[Data records]
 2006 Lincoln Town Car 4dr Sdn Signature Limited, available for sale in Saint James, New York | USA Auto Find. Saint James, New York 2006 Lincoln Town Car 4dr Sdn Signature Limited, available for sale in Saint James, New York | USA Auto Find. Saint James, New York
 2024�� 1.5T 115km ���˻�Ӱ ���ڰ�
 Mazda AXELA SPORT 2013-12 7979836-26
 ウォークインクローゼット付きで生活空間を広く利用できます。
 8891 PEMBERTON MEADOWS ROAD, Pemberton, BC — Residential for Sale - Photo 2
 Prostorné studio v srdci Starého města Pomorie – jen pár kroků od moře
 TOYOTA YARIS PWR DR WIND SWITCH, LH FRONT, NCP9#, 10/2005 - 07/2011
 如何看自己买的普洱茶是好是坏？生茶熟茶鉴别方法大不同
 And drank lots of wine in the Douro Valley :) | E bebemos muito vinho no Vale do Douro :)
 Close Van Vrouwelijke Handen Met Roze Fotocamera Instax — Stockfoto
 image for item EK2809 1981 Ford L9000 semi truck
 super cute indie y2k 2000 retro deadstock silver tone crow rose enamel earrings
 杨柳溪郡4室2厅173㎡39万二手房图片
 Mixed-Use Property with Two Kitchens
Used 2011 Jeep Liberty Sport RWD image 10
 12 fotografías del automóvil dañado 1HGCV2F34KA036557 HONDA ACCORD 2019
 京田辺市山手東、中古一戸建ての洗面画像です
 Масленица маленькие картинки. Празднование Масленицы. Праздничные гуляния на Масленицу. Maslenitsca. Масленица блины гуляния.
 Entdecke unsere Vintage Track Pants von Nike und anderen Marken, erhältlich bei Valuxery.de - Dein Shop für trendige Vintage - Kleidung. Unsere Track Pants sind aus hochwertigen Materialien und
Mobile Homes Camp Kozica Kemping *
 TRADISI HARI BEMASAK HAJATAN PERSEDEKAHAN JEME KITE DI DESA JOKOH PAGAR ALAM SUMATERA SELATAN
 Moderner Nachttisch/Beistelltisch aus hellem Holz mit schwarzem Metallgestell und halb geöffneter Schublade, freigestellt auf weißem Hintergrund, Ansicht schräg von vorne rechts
[/Data records]
About this exercise: Begin at the first line of the records above and restate each line word for word, stopping after the line with "Mobile Homes Camp Kozica Kemping *".

Solution below:
 2006 Lincoln Town Car 4dr Sdn Signature Limited, available for sale in Saint James, New York | USA Auto Find. Saint James, New York 2006 Lincoln Town Car 4dr Sdn Signature Limited, available for sale in Saint James, New York | USA Auto Find. Saint James, New York
 2024�� 1.5T 115km ���˻�Ӱ ���ڰ�
 Mazda AXELA SPORT 2013-12 7979836-26
 ウォークインクローゼット付きで生活空間を広く利用できます。
 8891 PEMBERTON MEADOWS ROAD, Pemberton, BC — Residential for Sale - Photo 2
 Prostorné studio v srdci Starého města Pomorie – jen pár kroků od moře
 TOYOTA YARIS PWR DR WIND SWITCH, LH FRONT, NCP9#, 10/2005 - 07/2011
 如何看自己买的普洱茶是好是坏？生茶熟茶鉴别方法大不同
 And drank lots of wine in the Douro Valley :) | E bebemos muito vinho no Vale do Douro :)
 Close Van Vrouwelijke Handen Met Roze Fotocamera Instax — Stockfoto
 image for item EK2809 1981 Ford L9000 semi truck
 super cute indie y2k 2000 retro deadstock silver tone crow rose enamel earrings
 杨柳溪郡4室2厅173㎡39万二手房图片
 Mixed-Use Property with Two Kitchens
Used 2011 Jeep Liberty Sport RWD image 10
 12 fotografías del automóvil dañado 1HGCV2F34KA036557 HONDA ACCORD 2019
 京田辺市山手東、中古一戸建ての洗面画像です
 Масленица маленькие картинки. Празднование Масленицы. Праздничные гуляния на Масленицу. Maslenitsca. Масленица блины гуляния.
 Entdecke unsere Vintage Track Pants von Nike und anderen Marken, erhältlich bei Valuxery.de - Dein Shop für trendige Vintage - Kleidung. Unsere Track Pants sind aus hochwertigen Materialien und
Mobile Homes Camp Kozica Kemping *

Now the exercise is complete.